Trumbo will see the bulk of his at-bats at designated hitter in 2017, Buster Onley reports. With newly-acquired Seth Smith to man right field routinely, Trumbo will have to change his mindset heading into 2017. Last season, nearly 60 percent of the home run champ's at-bats came while he was penciled in on defense, and that number will be even larger in his upcoming campaign. Some would argue that playing the field distracts hitters from thinking too much about their next at-bat, while others would suggest taking hacks in the tunnel while your team is on defense is more beneficial. The former seems to hold more truth for Trumbo, who's three-year splits show a noticeable decline in production when he's not playing the field. Smith has struggled throughout his career against lefties, so Trumbo may wind up in the outfield more than the team's preseason plans suggest. He's also slated to see a slight uptick in time at first base.
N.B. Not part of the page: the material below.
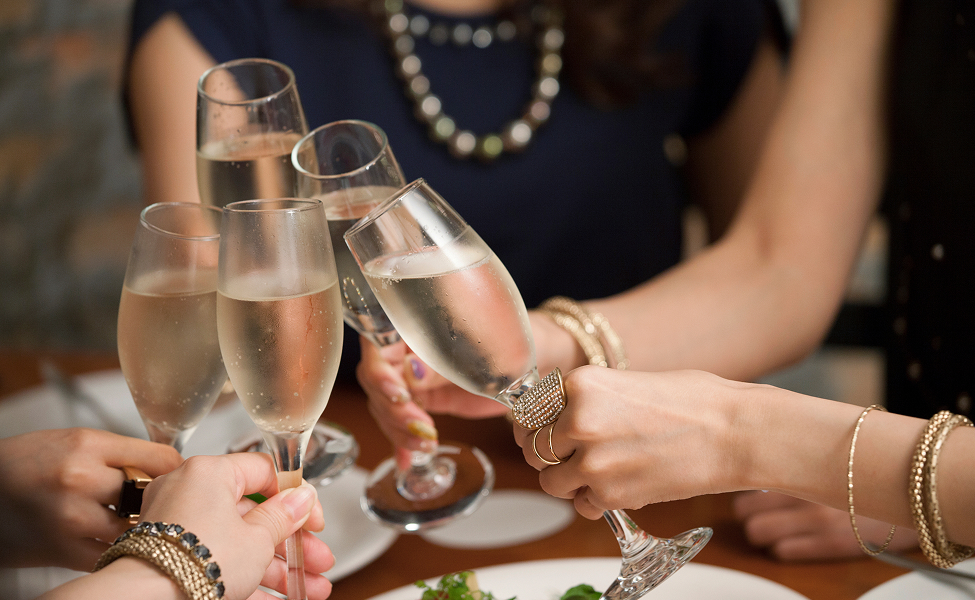a group of people holding champagne glasses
Trumbo is expected to play more first base in 2017 in an effort to keep Chris Davis fresh, the Baltimore Sun's Peter Schmuck reports. Trumbo played just six games at first in 2016, but played over 100 games at the position for the Angels in 2011 and 2013. The 31-year-old enjoyed the best offensive season of his career in 2016, slashing .256/.316/.533 while adding 47 home runs and 108 RBI. While he may play more first base in 2017, he's expected to spend most of 2017 as the Orioles' primary DH.
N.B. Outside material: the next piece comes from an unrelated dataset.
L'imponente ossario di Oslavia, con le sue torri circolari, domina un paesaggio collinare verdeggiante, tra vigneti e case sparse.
Trumbo agreed to a three-year deal, pending a physical, with the Orioles on Thursday, Eduardo A. Encina of the Baltimore Sun reports. Per Bob Nightengale of the USA Today, the deal is expected to be worth $35-40 million. Trumbo had one of the best showings of his career in 2016 as he knocked 47 home runs and recorded 108 RBI. Although the deal is contingent upon Trumbo passing a physical, the slugger will look to bring his powerful bat back to the Baltimore lineup and split time between right field and the DH spot in 2017.